İşte, Hulusinin kalbi çendan layetezelzel idi. Fakat bu vaziyet onu fütura sevk ettiğinden, şefkatli tokat yedi. Tam bir iki sene bazı münafıklar ona musallat oldular. Dünyanın lezzetini de kaçırdılar. Hem dünyayı ondan, hem onu dünyadan küstürdüler. O vakit vazife-i maneviyesindeki ciddiyete tam manasıyla sarıldı.
DÖRDÜNCÜSÜ
Muhacir Hafız Ahmeddir. O kendisi söylüyor:
Evet, ben itiraf ediyorum ki, hizmet-i Kuraniyede ahiretim nokta-i nazarında içtihadımda hata ettim. Hizmete fütur verecek bir arzuda bulundum. Şefkatli, fakat şiddetli ve kefaretli bir tokat yedim. Şöyle ki:
Üstadım yeni icadlara taraftar olmadığı için—benim camim onun komşusudur; şuhur-u selase geliyor—camimi terk etsem, hem ben çok sevap kaybediyorum, hem mahalle namazsızlığa alışacak. Yeni usul yapmazsam, men edileceğim. İşte bu içtihada göre, ruhum kadar sevdiğim Üstadımın muvakkaten başka bir köye gitmesini arzu ettim. Bilmedim ki, o yerini değiştirse, başka bir memlekete gitse, hizmet-i Kuraniyeye muvakkaten fütur gelir. Tam o sıralarda ben tokat yedim. Şefkatli, fakat öyle dehşetli bir tokat yedim ki, üç aydır daha aklım başıma gelmedi. Fakat, lillahilhamd, Üstadımın kati ihbarıyla, ona ihtar edilmiş ki, o musibetin her dakikası bir gün ibadet kadar hükmünde olduğunu rahmet-i İlahiyeden ümitvar olabiliriz. Çünkü o hata bir garaza binaen değildi. Sırf ahiretimi düşünmek noktasında o arzu geldi.
BEŞİNCİSİ
Hakkı Efendidir. Şimdi burada olmadığı için, Hulusiye vekalet ettiğim gibi ona da vekaleten derim ki:
Hakkı Efendi talebelik vazifesini hakkıyla ifa ederken, ahlaksız bir kaymakam geldi. Hem Üstadına, hem de kendine zarar gelmemek için, yazdıklarını sakladı. Muvakkaten hizmet-i Nuriyeyi terk etti. Birden, bir şefkat tokadı manasında, bin lirayı vermeye mükellef olacak bir dava başına açıldı. Bir sene o tehdit altında kaldı. Ta geldi, burada görüştük, avdetinde hizmet-i Kuraniyeye, talebelik vazifesine girdi. Şefkat tokadının hükmü kalktı, tebrie etti.
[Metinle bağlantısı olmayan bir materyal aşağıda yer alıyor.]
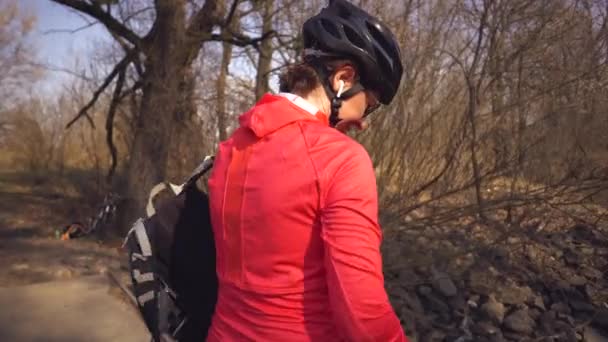 Vrolijke blanke vrouw fietser maakt een foto van zichzelf een selfie aan de telefoon tijdens het zitten op de brug over een rivier in het bos bij zonnig weer — Stockvideo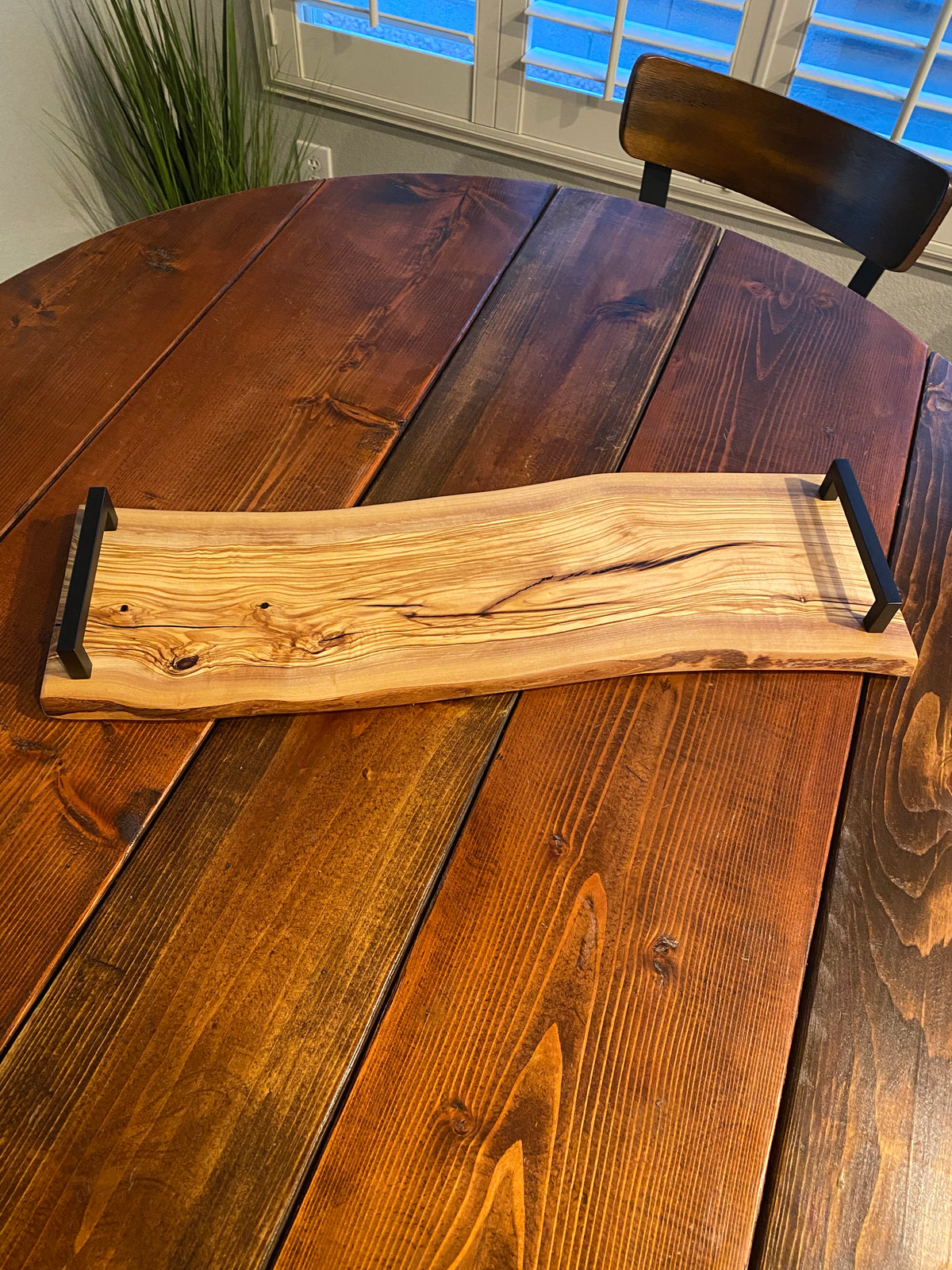 Live edge charcuterie board with square handles and natural grain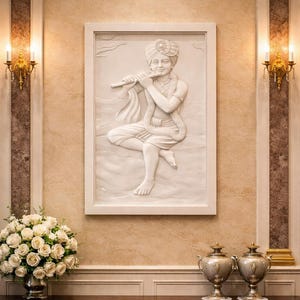 May include: A white relief sculpture of a seated figure playing a flute, framed in white. The sculpture is mounted on a textured wall. A bouquet of white roses in a silver vase and two decorative urns sit on a dark wood table.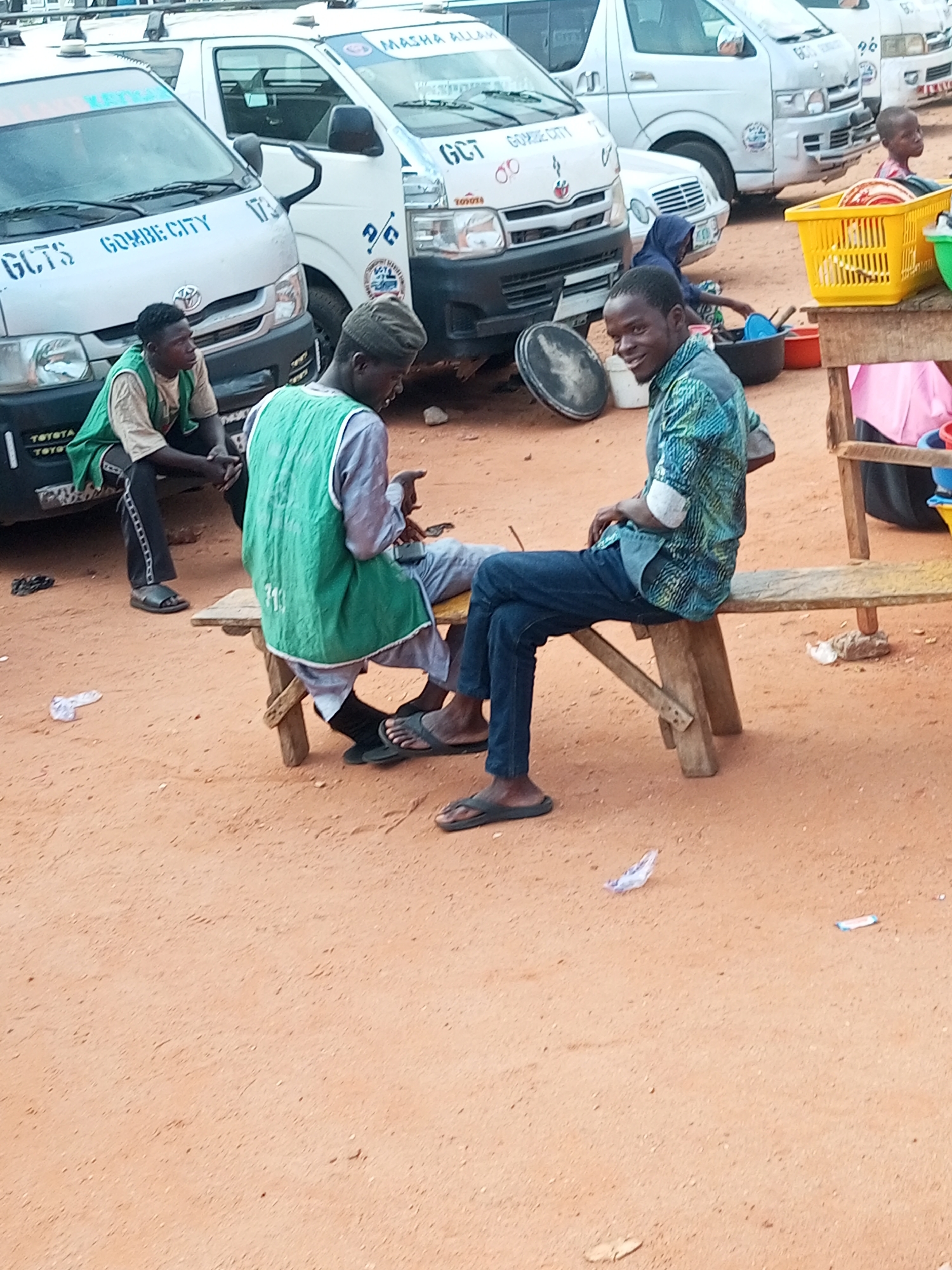The image shows a street scene in Gombe, Nigeria, with several vehicles and people. Two white vans, possibly minibusses, are parked side-by-side. One van has "GCT GOMBE CITY" and "173" visible on its side. The other van has "MASHA ALLAH" written on its windshield. A young boy in a pink shirt is visible near a yellow basket filled with dishes and a green container.
In the foreground, three men are present. One man, wearing a green vest over a light brown shirt and black pants, is sitting on the side of the silver van. Next to him, another man in a green vest over a grey garment and grey pants is seated on a wooden bench. He appears to be engaged in a conversation or activity with the third man, who is sitting on the same bench to his right. This third man is wearing a blue and green patterned shirt and dark blue jeans. His legs are crossed, and he is wearing dark sandals. The ground is covered in reddish-brown dirt.
A wooden bench with two people sitting on it is a prominent feature. A yellow plastic basket, likely containing kitchenware, is on the right side of the image, along with other containers. The scene appears to be outdoors, possibly a marketplace or a transportation hub, given the presence of the vans and the arrangement of goods. The lighting suggests it is daytime, likely mid-morning or afternoon. The overall atmosphere seems casual, with people gathered and interacting.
Sonra Kuranı yeni bir tarzda yazmak hususunda talebelere bir vazife açıldı. Hakkı Efendiye de hisse verildi. Elhak, o hissesine sahip çıktı. Bir cüzü güzel yazdı. Fakat derd-i mAyşet zaruretiyle kendini mecbur bilip, gizli dava vekaletine teşebbüs etti. Birden, bir şefkat tokadı daha yedi. Kalemi tutan parmağı muvakkaten kırıldı. “Bu parmakla hem dava vekaleti yapmak, hem Kuranı yazmak olmayacak” diye, lisan-ı mana ile ihtar edildi. Dava vekaletine teşebbüsünü bilmediğimiz için, parmağına hayret ediyorduk. Sonra anlaşıldı ki, kudsi, safi hizmet-i Kuraniye, gayet temiz, kendine mahsus parmakları başka işe karıştırmak istemiyor.
Her ne ise… Hulusi Beyi kendim gibi bildim, ona bedel konuştum. Hakkı Efendi de aynen onun gibidir. Eğer benim vekaletime razı olmazsa, kendi tokadını kendi yazsın.
ALTINCISI
Bekir Efendidir. Şimdi hazır olmadığı için, ben, kardeşim Abdülmecide vekalet ettiğim gibi, onun itimat ve sadakatine itimadım ve Şamlı Hafız ve Süleyman Efendi gibi bütün has dostlarımın hükümlerine, bildiklerine istinaden diyorum ki:
Bekir Efendi Onuncu Sözü tab etti. İcaz-ı Kurana dair Yirmi Beşinci Sözü yeni huruf çıkmadan tab etmek için ona gönderdik. Onuncu Sözün matbaa fiyatını gönderdiğimiz gibi onu da göndereceğiz diye yazdık. Bekir Efendi, benim fakr-ı halimi düşünüp, matbaa fiyatı dört yüz banknot kadar olduğunu mülahaza ederek ve kendi kesesinden vermek, belki Hoca razı olmaz diye, onun nefsi onu aldattı. Tab edilmedi. Hizmet-i Kuraniyeye mühim bir zarar oldu. İki ay sonra, dokuz yüz lira hırsızların eline geçti. Şefkatli ve şiddetli bir tokat yedi. İnşaallah, zıyaa giden dokuz yüz lira, sadaka hükmüne geçti.
YEDİNCİSİ
Şamlı Hafız Tevfiktir. O kendisi diyor:
Evet, itiraf ediyorum ki, ben bilmeyerek ve yanlış düşünerek hizmet-i Kuraniyede fütur verecek harekatım sebebiyle iki şefkatli tokat yedim. Şüphem de kalmadı ki, bu tokat o cihetten geldi.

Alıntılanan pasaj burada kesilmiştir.